Abstract
Twenty six hemodialysis (HD) patients with a high risk of bleeding were treated with nafamostat mesilate (FUT-175) as an anticoagulant. It is necessary to measure celite coagulation time (CCT) during HD to determine the optimal dose of FUT-175. As a tube applied to Actester®, which was developed for the measurement of ACT (activated coagulation time), contained celite, we thought that ACT might be useful for determining the optimal dose of FUT-175
Because the measurement of CCT is more intricate than that of ACT, we examined the correlation between ACT, CCT and coagulation time by the Lee-White method, when FUT-175 was used during HD. The dose of FUT-175 ranged from 30mg/h to 40mg/h, but one patient needed 80mg/h of FUT 175 to prolong eoagulation time in the extracorporeal circuit. We measured coagulation time by three methods at one hour after the start of HD in both the systemic circulation and extracorporeal circuit. A positive linear correlation was observed between ACT and CCT (y=18.79x+54.09, r=0.90, p<0.001), CCT and the Lee-White method (y=0.17x+1.02, r=0.88, p<0.001), and ACT and the Lee-White method (y=3.77x+60.23, r=0.84, p<0.001).
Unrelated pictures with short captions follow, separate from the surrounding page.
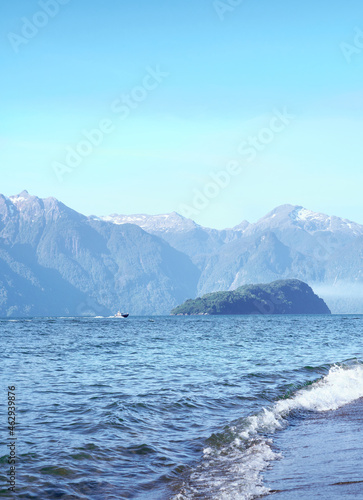 small boat sailing between mountains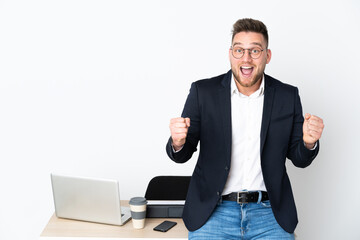 Russian man in a office isolated on white background celebrating a victory in winner position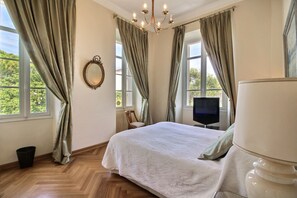 A bedroom with a bed, a television, a chair, a mirror, and a chandelier. - Classic South of France elegances set in an oasis in the heart of Cannes (Cannes)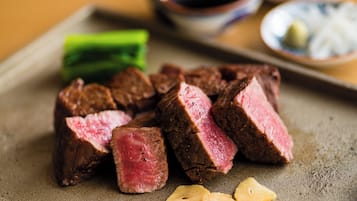 Un plato de carne de res en rodajas con verduras y salsas.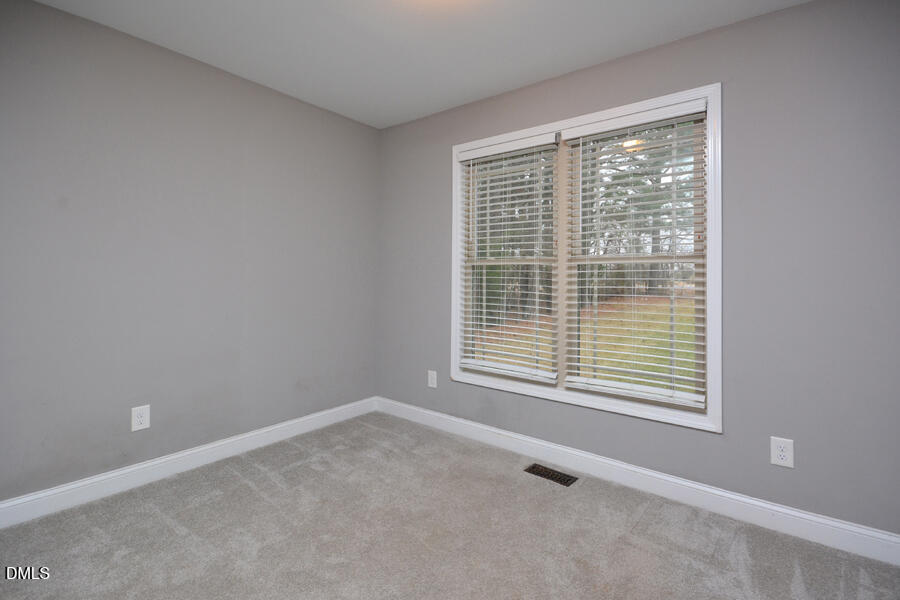 3082 East Thollie Green Road Stem, NC 27581 - Photo 31 of 45 a room that has a window in it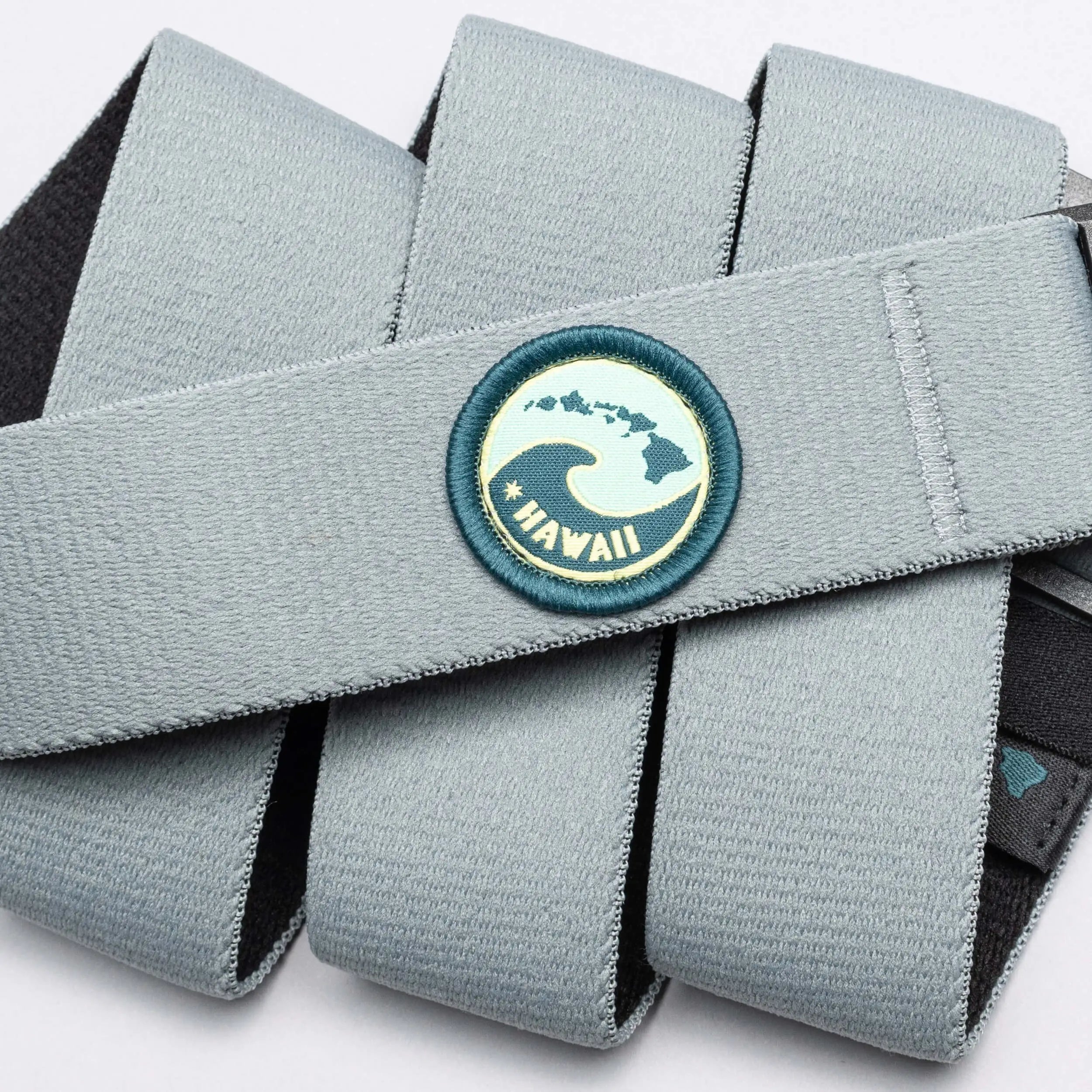 A light gray Arcade Belts Island Collection belt with elastic webbing features a round patch showing a wave, Hawaiian Islands, and 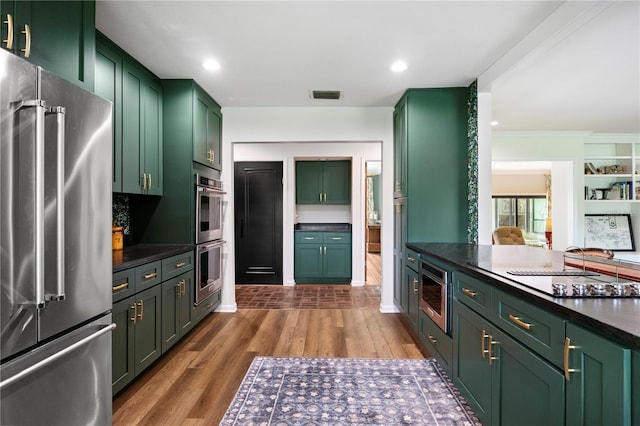 4009 Carrollwood Village Dr, Tampa, FL 33618 - kitchen with appliances with stainless steel finishes, green cabinets, dark wood-style floors, dark countertops, and recessed lighting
The optimal dose of FUT-175 to performed HD without risk of bleeding ranged from 20mg/h to 80mg/h; the mean dose was 35mg/h. This dose was enough to prolong coagulation time in the extracorporeal circuit without any change in coagulation time in the systemic circulation
In conclusion, the measurement of ACT by Actester® was useful to determine the optimal dose of FUT-175 to perform HD without any change in coagulation time in the systemic circulation.